[Exercise goal]
In the records below, the lines between the one holding "Immunohistochemistry of paraffin-embedded" and the one holding "口腔醫(yī)學(xué)主", inclusive, are to be transcribed exactly; no pictures are to be included.

[Source material]

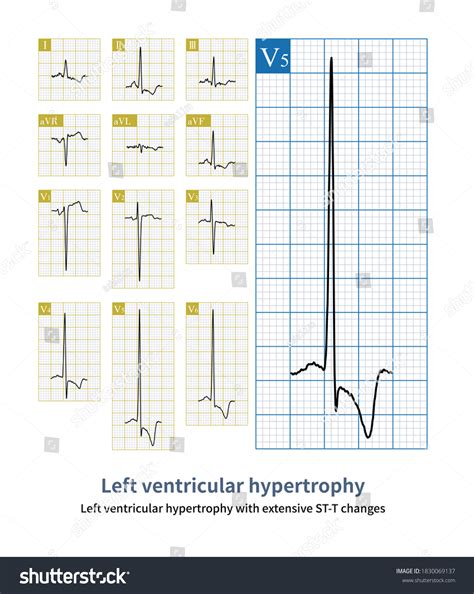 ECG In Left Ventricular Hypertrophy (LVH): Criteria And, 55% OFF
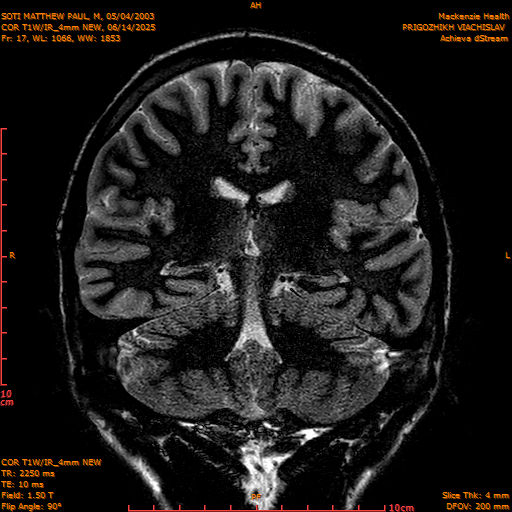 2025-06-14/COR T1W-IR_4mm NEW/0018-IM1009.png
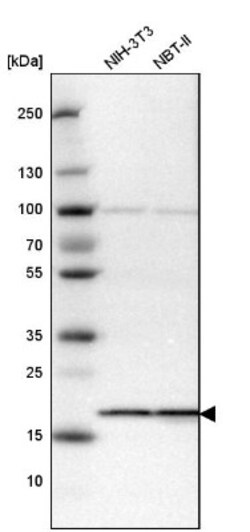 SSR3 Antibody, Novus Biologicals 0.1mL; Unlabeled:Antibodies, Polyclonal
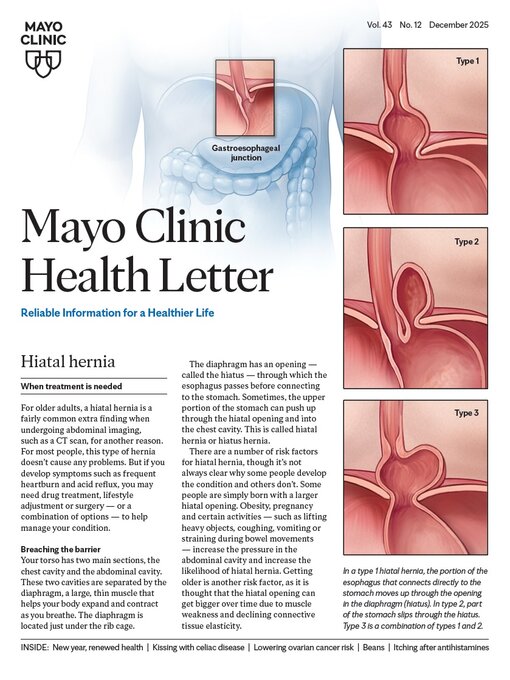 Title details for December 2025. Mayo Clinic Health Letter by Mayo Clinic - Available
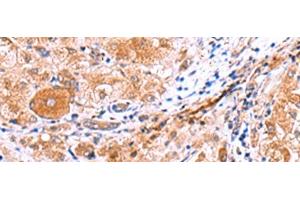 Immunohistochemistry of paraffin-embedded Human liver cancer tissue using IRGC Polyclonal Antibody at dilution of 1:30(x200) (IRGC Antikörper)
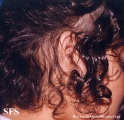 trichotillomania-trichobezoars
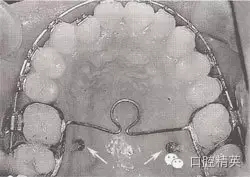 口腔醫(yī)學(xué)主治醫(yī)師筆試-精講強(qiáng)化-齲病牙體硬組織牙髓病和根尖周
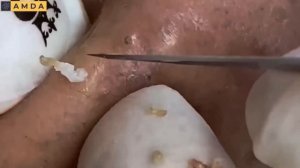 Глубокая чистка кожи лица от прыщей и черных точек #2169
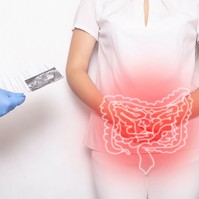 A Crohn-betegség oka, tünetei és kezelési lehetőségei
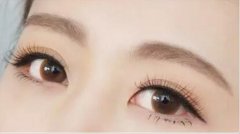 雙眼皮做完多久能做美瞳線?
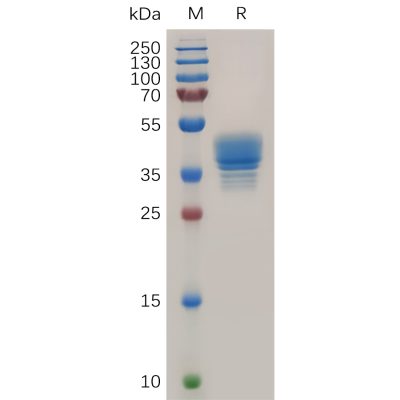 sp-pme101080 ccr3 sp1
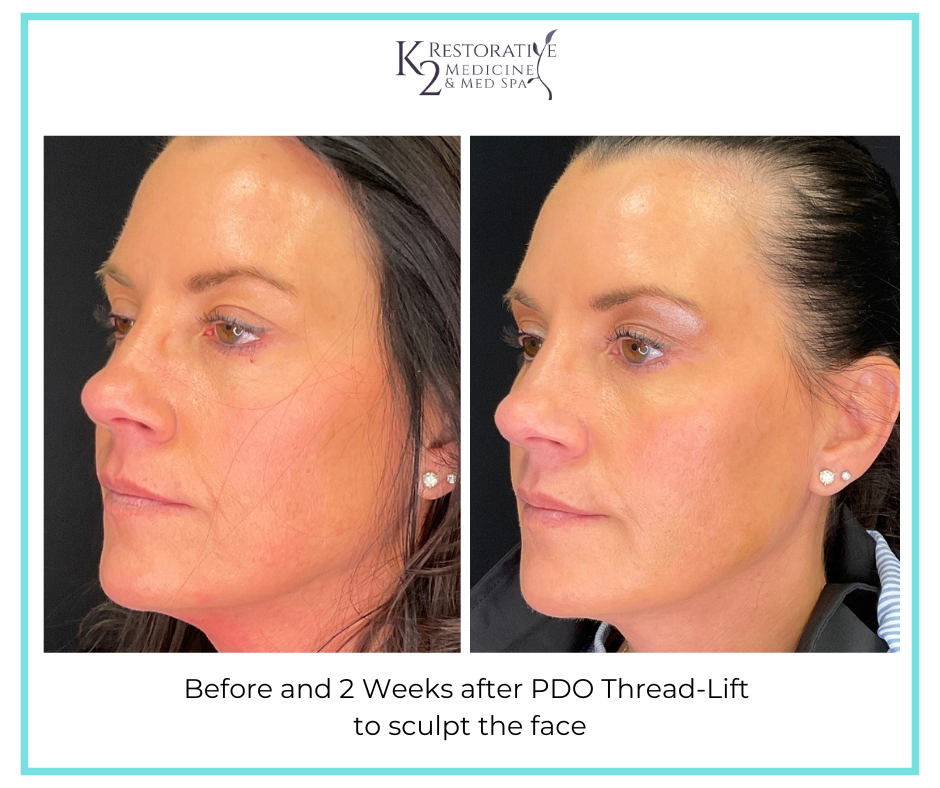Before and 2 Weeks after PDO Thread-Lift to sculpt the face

==

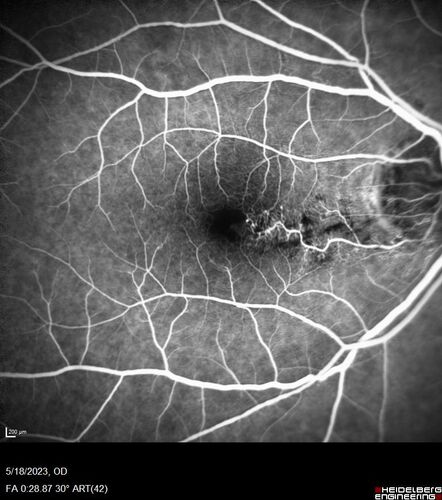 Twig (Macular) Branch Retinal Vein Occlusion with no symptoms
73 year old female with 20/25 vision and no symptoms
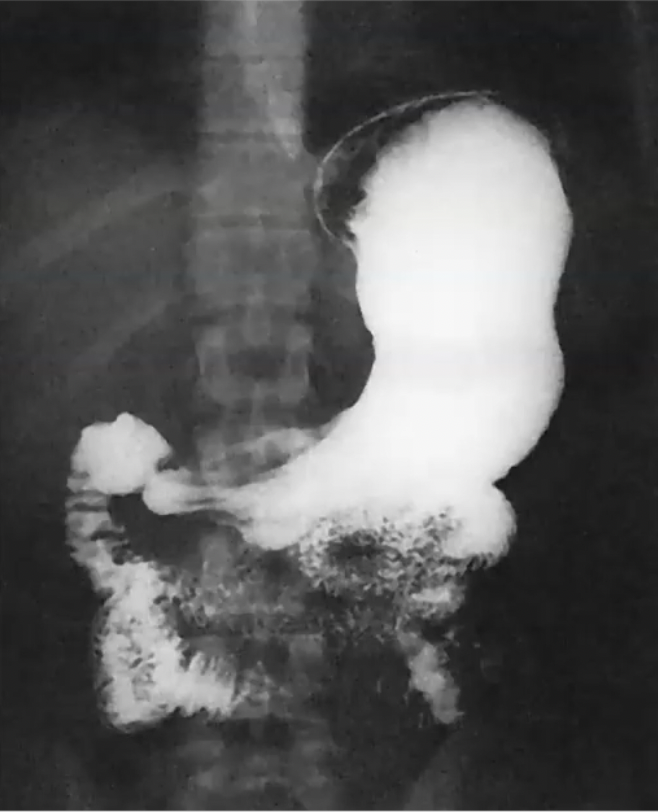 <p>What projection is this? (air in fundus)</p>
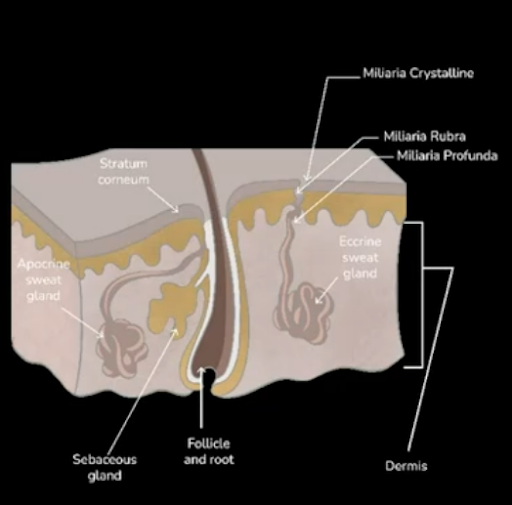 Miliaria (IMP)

[Answer for this exercise]
 Immunohistochemistry of paraffin-embedded Human liver cancer tissue using IRGC Polyclonal Antibody at dilution of 1:30(x200) (IRGC Antikörper)
 trichotillomania-trichobezoars
 口腔醫(yī)學(xué)主治醫(yī)師筆試-精講強(qiáng)化-齲病牙體硬組織牙髓病和根尖周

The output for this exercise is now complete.